It was great. No, it didn’t open any wounds. The wounds were so long ago. The whole process, that I was actively doing something about it was so cathartic in some ways. I was involving other people, so it wasn’t just a burden for me to bear by myself, which for years it was. I would talk about this thing and nobody would believe me. One of my friends who showed up, she remembered me talking about this film, and she remembered how everyone thought I was lying. For her to see that it exists, and for me to see that it exists… it was like every step of the way, everything I was doing in making this film, was vindication. It was all good. I just had to make it a good film to share with everybody. I want everybody who was involved in it to have their talent showcased as well.
The woman who played the nurse, I think she was really talented. She could have been an actress. That was taken away from her, because this [film] vanished. It wasn’t just about me; it was that all these other people had their talent stolen from them.
In the film, you mentioned seeing reverberations of Shirkers’ style in American films from Wes Anderson and other directors. Do you feel like your film could have been something big, if it hadn’t been taken from you?

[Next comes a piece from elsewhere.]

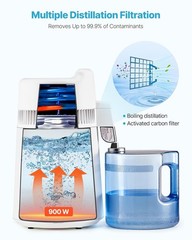 VEVOR Water Distiller 6L 900W Stainless Steel White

Especially in a place where people did not care for this sort of thing, if this movie had come out as a finished product in Singapore at that point, people wouldn’t know what to make of it. They would have laughed at us. It made no sense. It’s not the conventional heroine. They would have just laughed us out of town, and all our classmates who hated us would have hated us even more. I think that’s what would have happened. In a way, we were spared.

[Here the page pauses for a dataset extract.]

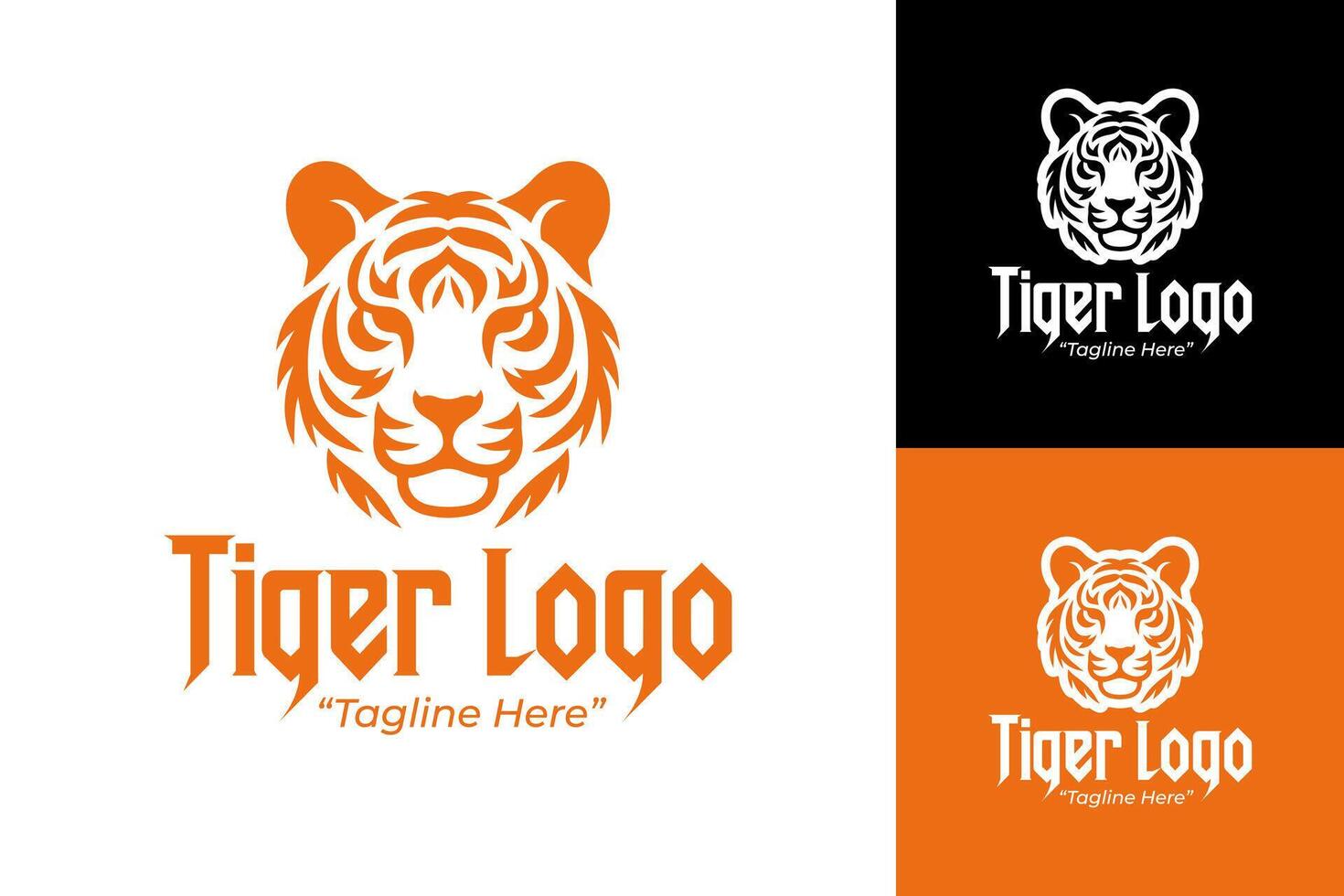 Minimalist Tiger Head Logo Design with Orange and Black Color Palette vector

The original Shirkers is also untouched, in a way. Had it been completed, maybe some of the mystery and beauty of it all would have been lost.
Yeah, that’s true. And it kept us all dreaming of movies as a possibility. Sophie [Sophia Harvey] is a professor at Vassar. Jasmine [Ng] is making films—she won’t say what, but I think she is making short documentaries. And I’m doing this. I guess we all had this happy, open wound—if it was an open would, it was a happy one. It left us all dreaming and still wanting to make things.
Do you think having Shirkers taken from you made you more driven? Were you striving to fill that void or make something better to replace it?
Now, I think, having done this… having proof that I can make this—that I can take my own story back, take my own narrative back—I am much more eager and impatient to move on and do more projects. That’s been good. It’s been good for everybody who has been involved in this whole thing. Even the crew, everyone is just moving onto great things right now.
Yeah, and the movie ends on such a hopeful tone. Especially with the use of the recovered footage in the film, it makes everything feel so much more vibrant and special.
The thing is, I want people to be brave and to do stuff, because what’s the worst thing that can happen to you? The worst that can happen is that you have your art stolen from you, like we did—for years! And yet, you’re not broken. You’re still alive. You can do stuff. I think every day that you are alive is like gravy, you know? I just want people to remember that. It’s so easy to forget that sometimes.